Since early evidence of civilization, the rivers played an important role in nurturing life and economic activities. One of the oldest civilizations like Harrapan also flourished on the river bank and witnessed trade and other economic activities during their time.
But in the last few decades with rising industrialization and the fast pace of urbanization, the health of rivers in India has deteriorated at a fast pace. The increasing demands of the rising population have also put pressure on the country’s river ecosystem and also endangered the social and economic life along it.
However, the government has understood the long-term implications of this deterioration and thus in the last few years has taken many steps to revive the Indian rivers such as the Namami Gange project for integrated river conservation.

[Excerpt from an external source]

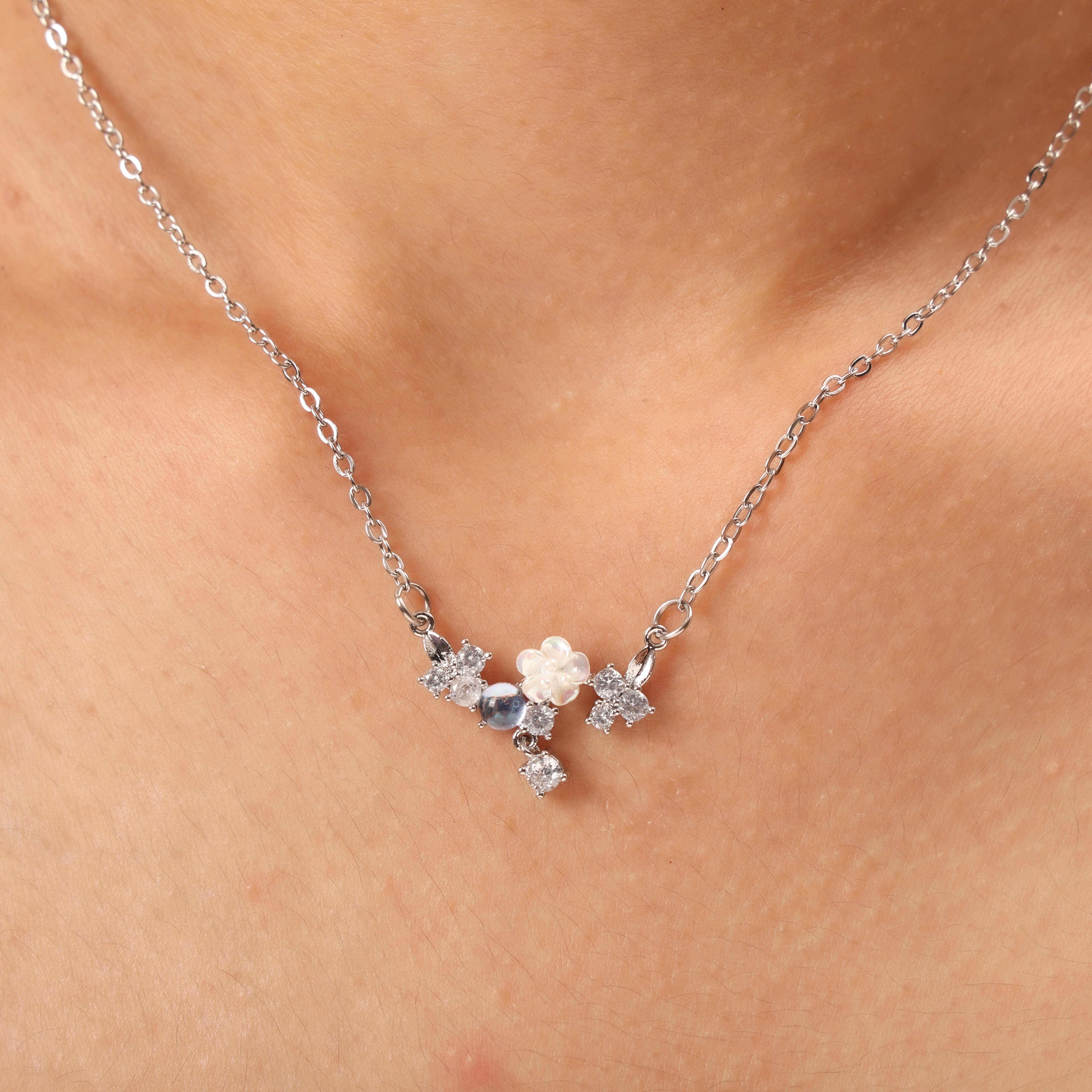 Silver Flower Cluster Necklace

In 2019 the extension of this mission is also felt and the Prime Minister of India himself has urged to extend its scope to revive the economy of India’s largest river basin through the “Arth Ganga” project.

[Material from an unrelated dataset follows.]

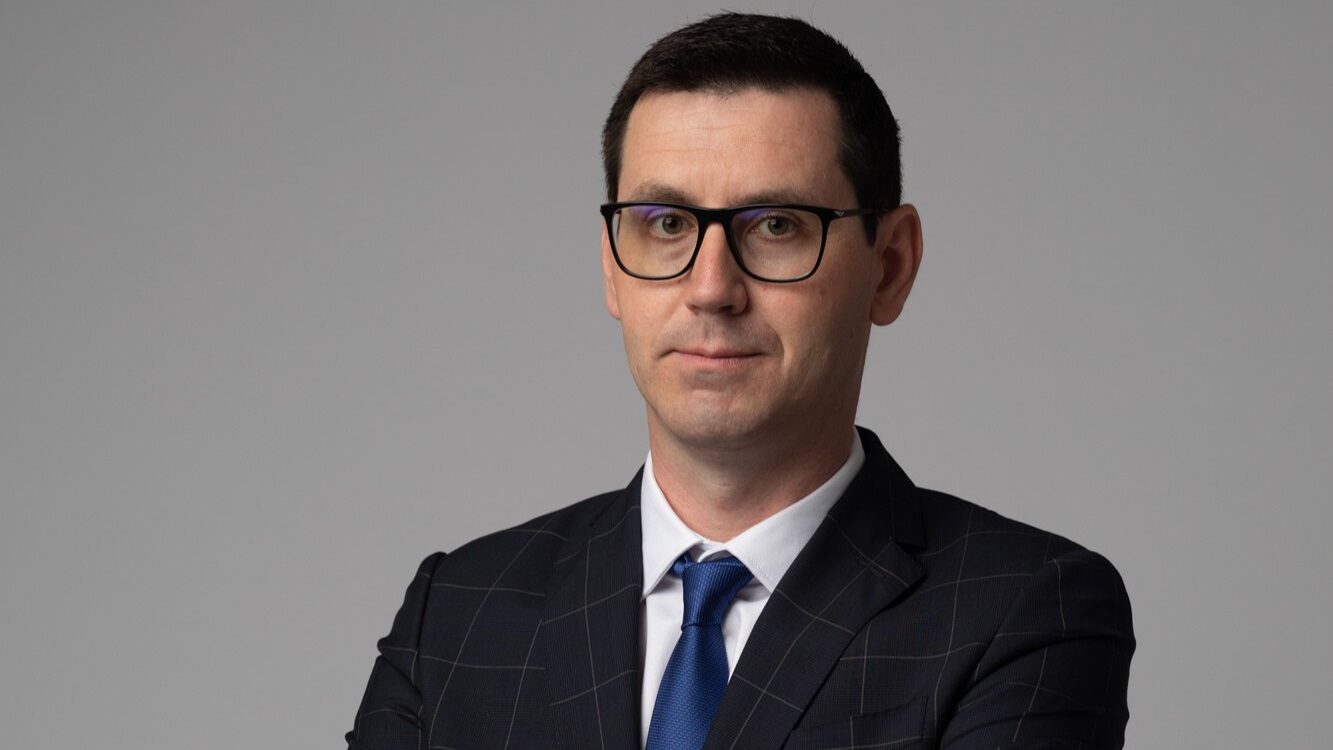 Criza energetică: Decarbonizarea, avantaju’ companiilor inteligențe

“Arth Ganga” at its core implies the concept of sustainable development through a focused approach to revive the economic activities on the river bank by working on six distinct verticals. It includes the promotion of chemical-free farming and increasing use of cow dung as organic fertilizer to improve soil fertility along with the reuse techniques and revenue generation sources from sludge and wastewater, developing opportunities to provide livelihood, higher public participation, establishing it as a cultural heritage and tourism attraction with improved water governance through empowered institutions and administration.
The move is aimed to effectively address the abetment of pollution on the banks of river Ganga in the journey of its rejuvenation along with a special focus on boosting the river economy and providing thrust to trade through the development of inland waterways. This will provide inclusive growth to India’s farmers, and small traders including work opportunities for local villagers.
As a whole, it will add up to the country’s economic growth with the energization of India’s holy river Ganga which will eventually help to mitigate the challenges of climate change sustainably and establish the river-people connect to co-exist in harmony.